» **WORK ORDER**: Once you find the line below that has "Fragrances, Perfumes, Cosmetics", output it and every line after it exactly, stopping after the line that has "Tablou - Abstract (90x60 cm)", with no pictures.

» **DATA SHOWN**:
--- --- ---

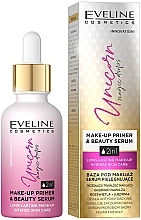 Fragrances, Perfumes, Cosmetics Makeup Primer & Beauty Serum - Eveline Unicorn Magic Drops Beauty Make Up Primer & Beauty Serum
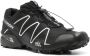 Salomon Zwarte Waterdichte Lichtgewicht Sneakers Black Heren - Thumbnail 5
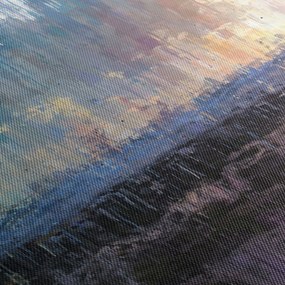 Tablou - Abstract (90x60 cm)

--- --- ---

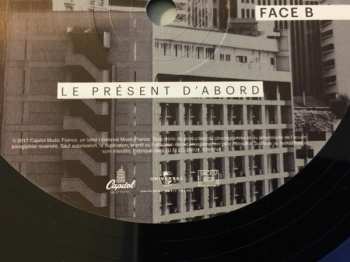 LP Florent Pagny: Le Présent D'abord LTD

--- --- ---

» **SOLUTION**:
 Fragrances, Perfumes, Cosmetics Makeup Primer & Beauty Serum - Eveline Unicorn Magic Drops Beauty Make Up Primer & Beauty Serum
 Salomon Zwarte Waterdichte Lichtgewicht Sneakers Black Heren - Thumbnail 5
 Tablou - Abstract (90x60 cm)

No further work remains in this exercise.